震災からわずか1カ月後、あわら温泉の旅館を会場に、和倉の女将さんら3人を招いた懇談会が開かれたのだ。生々しく鮮明な震災の体験談が語られ、次の災害への備えや対応策が伝えられた。そして、あわらの女将さんに向け、こんなエールが送られた。
「新幹線開業を機にあわらを盛り上げて、能登や北陸全体の元気を引っ張ってほしい」
和倉とあわら、2つの温泉地で「女将さん」をつないだのはいうまでもなく、絵里香女将の存在だ。
絵里香さんは1973年に福岡市で生まれ育った。日本エアシステム(JAS航空)に入社し、統合先の日本航空を含め、客室乗務員を8年務めた。加賀屋を経営する小田家の長男、與之彦さんと結婚したのは31歳のとき。以来、旅館業に携わるようになった。
「嫁いだときは本当に無知でした。20代のようなキラキラした感覚で結婚して、旅館のお仕事がどういうものかわからず、何も考えていませんでした。だから迷わず来られたのだと思います」
加賀屋が「日本一」と評価されるのは、300人を超える従業員とともに、230室、1日最大1000人が宿泊する大規模旅館を運営するノウハウと、”加賀屋イズム”とも称される徹底した顧客対応力にある。
客室係や料理人など自立した「個」が、それぞれの持ち場で持てる限りの裁量と、精一杯の感性で客を迎える。
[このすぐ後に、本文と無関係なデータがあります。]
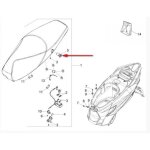 Serrure de selle origine pour scooter aprilia 50 sxr apr�s 2021 674311 neuf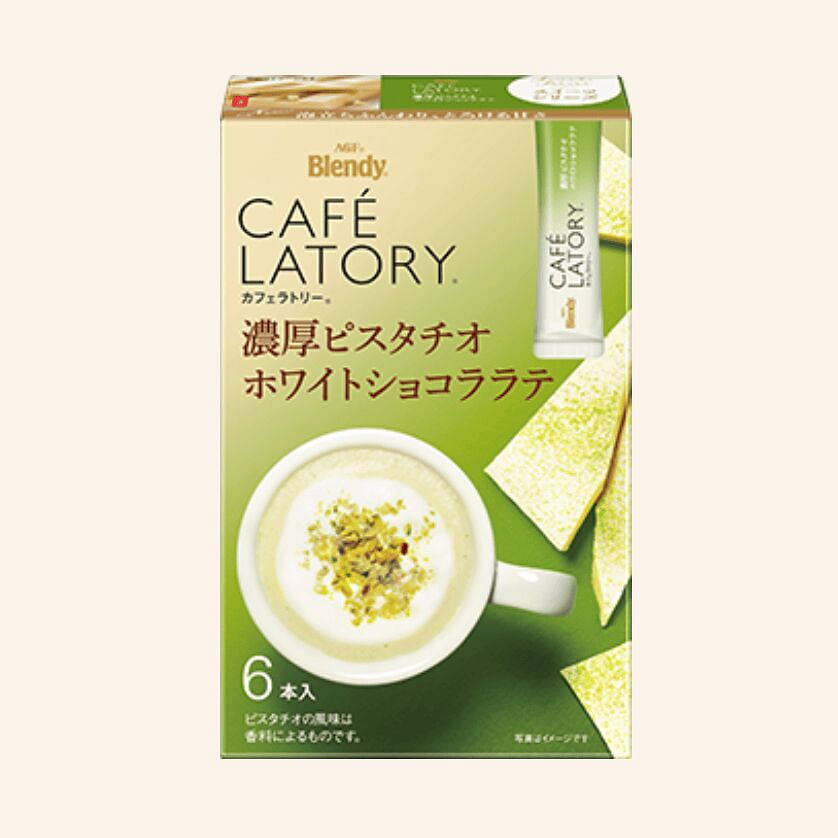 AGF Cafe Latory Pistachio White Chocolate Latte 1 box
それを引き出すのは、指揮者とも呼べる女将の采配だ。
ある日突然加賀屋の女将に
加賀屋に勤めるようになると、義母の女将・小田真弓さんにぴったりと張り付くように毎日を過ごした。おもてなしの所作、立ち居振る舞い、その「心」までを自分の中に取り込もうと必死だった。
「最初は自分に自信がなくて。それでも、皆さんから期待されるような女将になりたいと思っていました。ときには従業員に寄り添うことを重視したり、指揮棒を振らなきゃと頑張ってみたり。周りの顔を見ながら過ごしていた時期が長かったような気がします」
嫁いで10年が経った2014年、與之彦さんが代表取締役社長に就任した。ある日、「少し風邪気味だから」と1日休みをとった女将が、次の日も、その次の日も現れない。代替わりを公にするような儀式もなく、ある日突然に託された館だった。戸惑い、ふと振り返ると、客室係は心が定まらず、現場は混乱していた。
「誰かが決めないとこうなるんだ――」不思議と怖さや重圧感はなかったという。内側から湧いてきたのは、「わたしがやる」という意志のようなものだった。もう、嫁という“お飾り”ではいられない。自分の中に変化が起きるのに、時間はかからなかった。